* [Required work] Go through the records below from the first line and print each one exactly, stopping after the line that contains "As-salamu alaykum, my". Do not print pictures or anything past that line.

* [Given data]
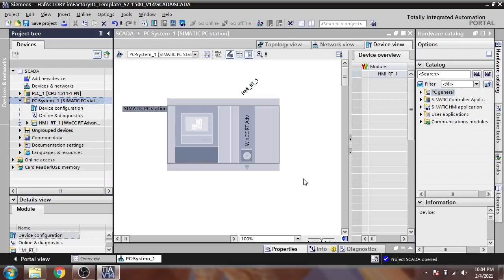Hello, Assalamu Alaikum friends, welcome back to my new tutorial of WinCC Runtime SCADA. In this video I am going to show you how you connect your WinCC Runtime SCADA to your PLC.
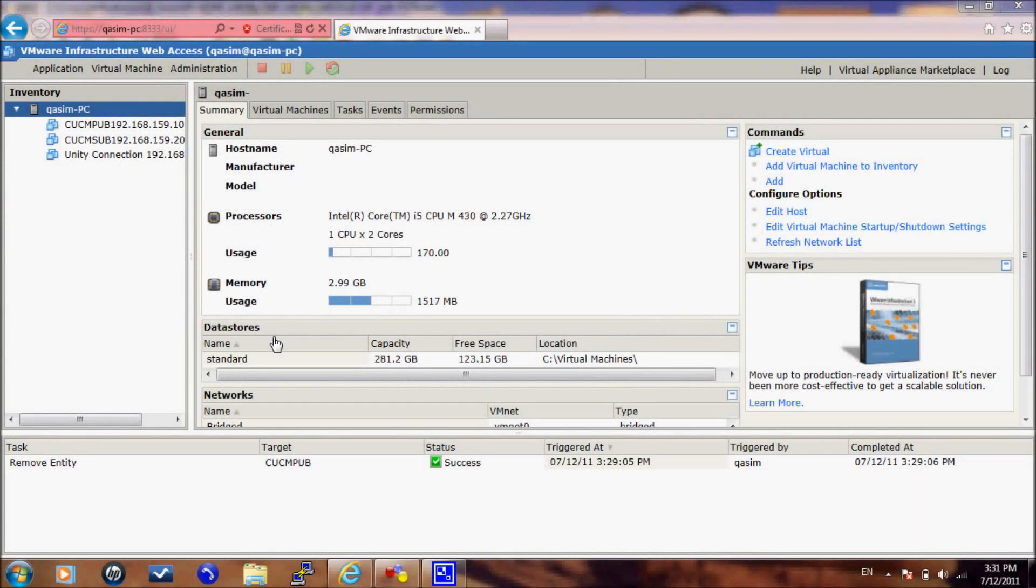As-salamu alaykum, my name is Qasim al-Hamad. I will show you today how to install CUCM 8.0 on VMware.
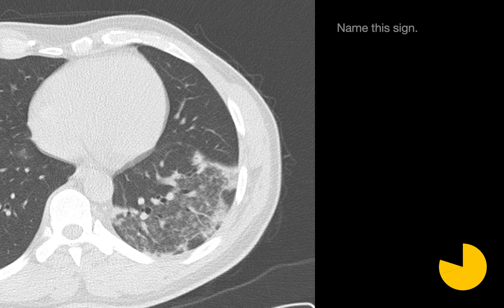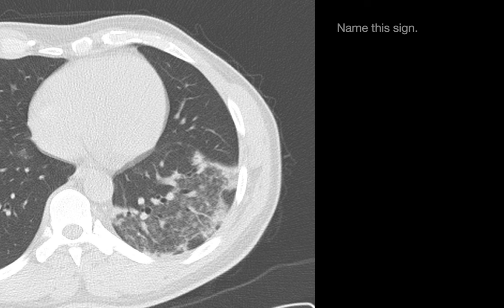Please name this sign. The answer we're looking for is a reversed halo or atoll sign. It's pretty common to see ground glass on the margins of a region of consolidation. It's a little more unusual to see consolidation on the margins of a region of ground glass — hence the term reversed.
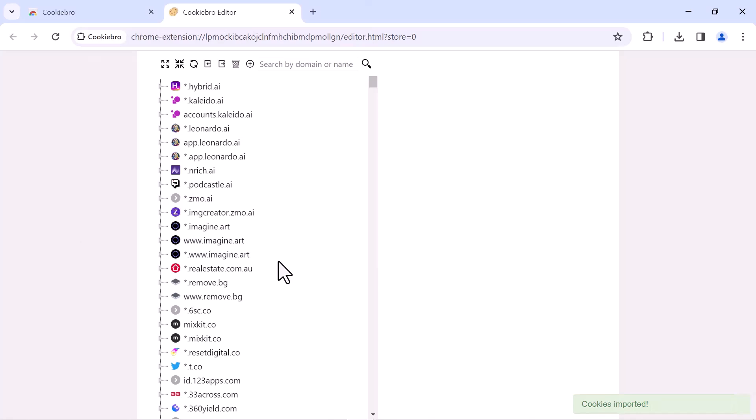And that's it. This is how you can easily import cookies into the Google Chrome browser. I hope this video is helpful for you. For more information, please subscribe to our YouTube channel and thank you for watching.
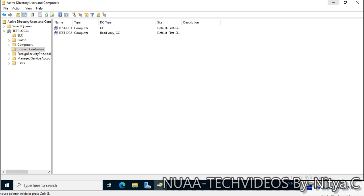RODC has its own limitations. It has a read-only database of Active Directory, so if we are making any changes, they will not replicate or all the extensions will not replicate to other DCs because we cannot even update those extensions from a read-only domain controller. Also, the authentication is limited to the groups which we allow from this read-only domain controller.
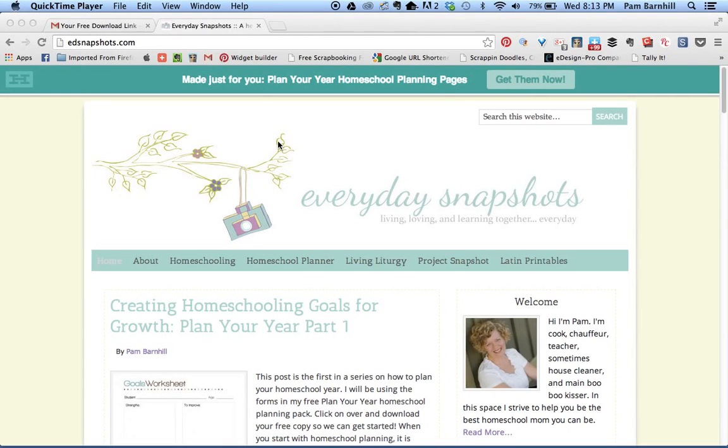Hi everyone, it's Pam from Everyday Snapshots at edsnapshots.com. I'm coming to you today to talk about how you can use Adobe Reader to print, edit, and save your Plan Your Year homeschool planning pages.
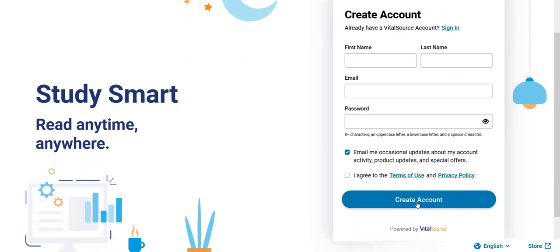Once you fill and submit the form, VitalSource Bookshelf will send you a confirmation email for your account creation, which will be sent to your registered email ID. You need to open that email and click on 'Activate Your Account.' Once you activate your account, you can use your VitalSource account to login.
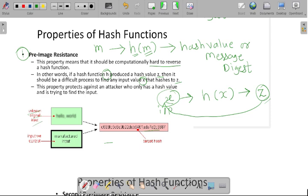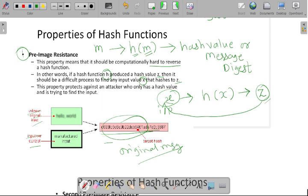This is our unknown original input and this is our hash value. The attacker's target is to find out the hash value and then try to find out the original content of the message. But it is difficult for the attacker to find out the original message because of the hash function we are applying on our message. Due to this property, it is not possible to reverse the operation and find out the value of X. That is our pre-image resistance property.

* [Worked solution]
Hello, Assalamu Alaikum friends, welcome back to my new tutorial of WinCC Runtime SCADA. In this video I am going to show you how you connect your WinCC Runtime SCADA to your PLC.
As-salamu alaykum, my name is Qasim al-Hamad. I will show you today how to install CUCM 8.0 on VMware.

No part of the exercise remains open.